While admiring the tree for a never ending 20 minutes, we would have tea at the tea stall. The tea stall owner was one of the few people who should have thanked god for creating idiots like us. How should he know he is giving too much credit to God while AM deserved almost all of it. We would talk all the nonsense that have no relevance to our lives with all the seriousness and then continue our ride. Our destination was a small Dam, the name of which i can’t recollect. The place would be absolutely deserted.Some of them would realize the their stupidity and start stone throwing practice. I am not sure if they spared AM out of respect and threw the stones into the water or if they were not sure if AM was actually the person to blame. AM does one thing very well, brainwashing. Mostly, it saved her.

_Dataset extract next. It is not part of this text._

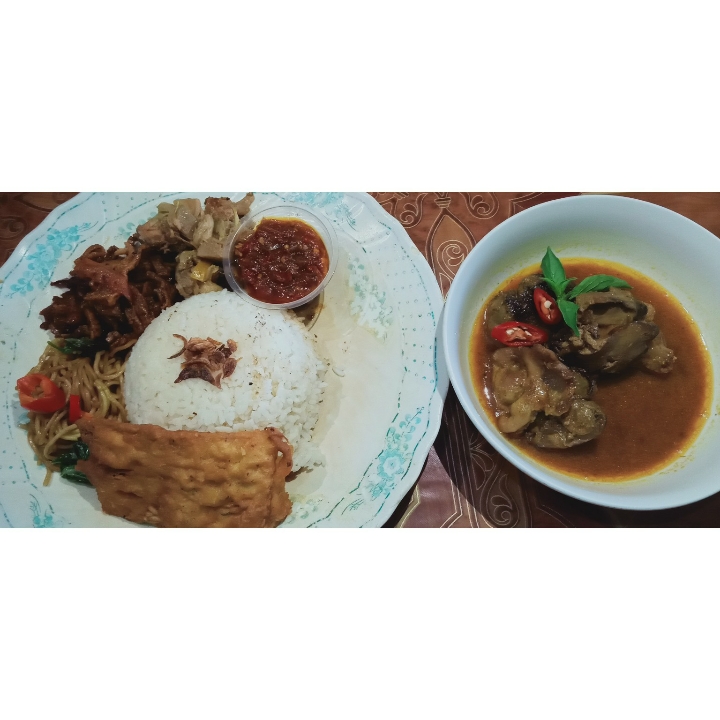 Nasi Campur Semur Hati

In a few minutes, after realizing that there is nothing more to do, we would process our breakfast. It was like an assembly line. One person would open the bread, pass it to the person who has the chutney. The chutney person will spread the chutney and pass the bread to the cheese man. The cheese man would then spread the cheese and send it back to the bread man. The bread man will add another slice on top to complete the sandwiching process and serve it. Well, “serve it” is probably the right way to say it. The one who grabs it first gets it. Remember, we had just admired 20 dozen monkeys. What kind of people are we if we don’t learn something from the monkeys?

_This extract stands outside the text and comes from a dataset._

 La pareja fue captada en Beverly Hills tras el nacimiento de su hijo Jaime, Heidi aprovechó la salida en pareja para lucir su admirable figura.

The best part of this insanity is an absolutely intense and insane conversation between AM and KG. KG, as his name suggests, has a the heart of the kid. But he reads too much for that kid’s heart. So whatever he reads goes into his heart (yes, he takes his reading to the heart :) ) in a very unpredictable way. So he would make a statement in his inimitable style which AM would straight away disagree with. That would kick start an interesting and hilarious argument between KG and AM. SM, the Bangali Babu, obviously cannot keep quiet. It would be a shame on entire West Bengal and some parts of Kerala (the communist connection, you see) if he did not add value.So, he would add value (fuel) to the argument which would have turned to fire spitting levels now. The rest of us would have a hearty laugh irrespective of whether we understood anything in the conversation or not. Thing is, we were unsure if we should react in any other way so it was easy to just imitate the monkeys. This great conversation and the awesome chutney cheese sandwich would make all the insanity really worth it. Those days were so much fun.
Some days the destination changed to a pond before the Bannerughatta wild life sanctuary but the rest of story remained same irrespective of the destination.